Pendamping dari WALHI Yogyakarta, Abi Yoga, menyatakan penutupan Pantai Sanglen sudah dimulai sejak 2022 lalu. Namun karena ada pembiaran, akhirnya warga memanfaatkan kembali pada tahun 2023 dan pada Juli 2024 ditutup permanen. “Warga ini sudah turun-temurun beraktivitas di Pantai Sanglen. Tetapi sekarang mereka tergusur dengan maraknya pariwisata eksklusif dan privat yang marak di pesisir pantai selatan Gunungkidul. Warga tengah menghadapi situasi ekonomi yang sangat mengkhawatirkan,” ucap Abi.
Alasan dari adanya penutupan Pantai Sanglen dikatakan pihak Desa agar tidak terjadi konflik antara warga dengan Obelix. Selain itu juga warga dianggap tidak memiliki izin untuk menempati Pantai Sanglen.
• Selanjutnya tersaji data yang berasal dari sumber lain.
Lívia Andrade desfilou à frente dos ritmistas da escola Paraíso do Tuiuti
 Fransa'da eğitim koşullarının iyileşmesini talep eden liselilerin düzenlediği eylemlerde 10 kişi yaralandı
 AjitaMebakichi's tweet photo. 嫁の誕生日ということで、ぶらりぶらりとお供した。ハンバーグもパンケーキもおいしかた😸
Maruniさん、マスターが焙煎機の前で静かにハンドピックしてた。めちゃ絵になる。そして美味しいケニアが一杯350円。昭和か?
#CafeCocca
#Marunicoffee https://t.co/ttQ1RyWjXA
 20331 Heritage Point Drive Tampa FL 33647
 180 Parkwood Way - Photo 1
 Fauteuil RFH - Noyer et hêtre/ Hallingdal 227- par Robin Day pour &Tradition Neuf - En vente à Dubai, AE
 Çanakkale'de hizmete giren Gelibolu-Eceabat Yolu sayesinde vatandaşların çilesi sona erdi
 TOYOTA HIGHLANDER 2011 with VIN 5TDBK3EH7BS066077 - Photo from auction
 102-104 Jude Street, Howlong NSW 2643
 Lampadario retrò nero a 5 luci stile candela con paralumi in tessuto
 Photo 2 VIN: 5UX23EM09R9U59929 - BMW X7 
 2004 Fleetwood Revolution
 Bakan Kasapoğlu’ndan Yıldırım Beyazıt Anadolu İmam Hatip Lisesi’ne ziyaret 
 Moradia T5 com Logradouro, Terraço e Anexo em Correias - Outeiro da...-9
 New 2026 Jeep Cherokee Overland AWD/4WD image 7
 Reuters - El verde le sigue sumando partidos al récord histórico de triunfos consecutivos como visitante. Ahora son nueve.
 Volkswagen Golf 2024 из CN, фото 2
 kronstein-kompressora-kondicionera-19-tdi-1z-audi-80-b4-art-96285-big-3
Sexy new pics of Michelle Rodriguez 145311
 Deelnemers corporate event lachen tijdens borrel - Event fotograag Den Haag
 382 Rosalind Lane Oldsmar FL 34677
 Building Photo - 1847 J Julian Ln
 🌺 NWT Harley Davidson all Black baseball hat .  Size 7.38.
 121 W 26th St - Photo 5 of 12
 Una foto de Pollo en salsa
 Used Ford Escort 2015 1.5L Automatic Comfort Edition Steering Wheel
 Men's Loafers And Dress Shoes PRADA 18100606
Pada September lalu, Deputi Direktur WALHI Yogyakarta, Dimas Perdana menyampaikan kehadiran wisata modern Obelix bertentangan dengan Undang-Undang No. 13 Tahun 2012 tentang Keistimewaan mengenai fungsi dalam pertanahan pasal 32 ayat 5.
Berdasarkan tentang Undang-undang tersebut diterangkan bahwa ‘Kasultanan dan Kadipaten berwenang mengelola dan memanfaatkan tanah kasultanan dan tanah kadipaten ditujukan untuk sebesar-besarnya pengembangan kebudayaan, kepentingan sosial dan kesejahteraan masyarakat’.
“Artinya, sektor bisnis pariwisata privat tidak dapat berada di atas tanah tersebut. Justru produksi ekonomi yang dilakukan oleh warga termasuk ke dalam kategori kesejahteraan masyarakat yang termaktub di dalam aturan tersebut,” tulisnya pada rilis saat itu.
Dilansir dari berbagai berita, pembangunan pariwisata privat Obelix akan menggunakan tanah kas desa (TKD) seluas 3 hektare (ha) dan Sultan Ground (SG) 2 hektare. Penggunaan TKD itu direncanakan untuk pintu masuk, taman, dan tempat parkir. Adapun SG digunakan untuk bangunan utama. Dalam programnya, kawasan ini obyek akan menjadi percontohan tata kelola SG dari kraton dengan melibatkan masyarakat setempat.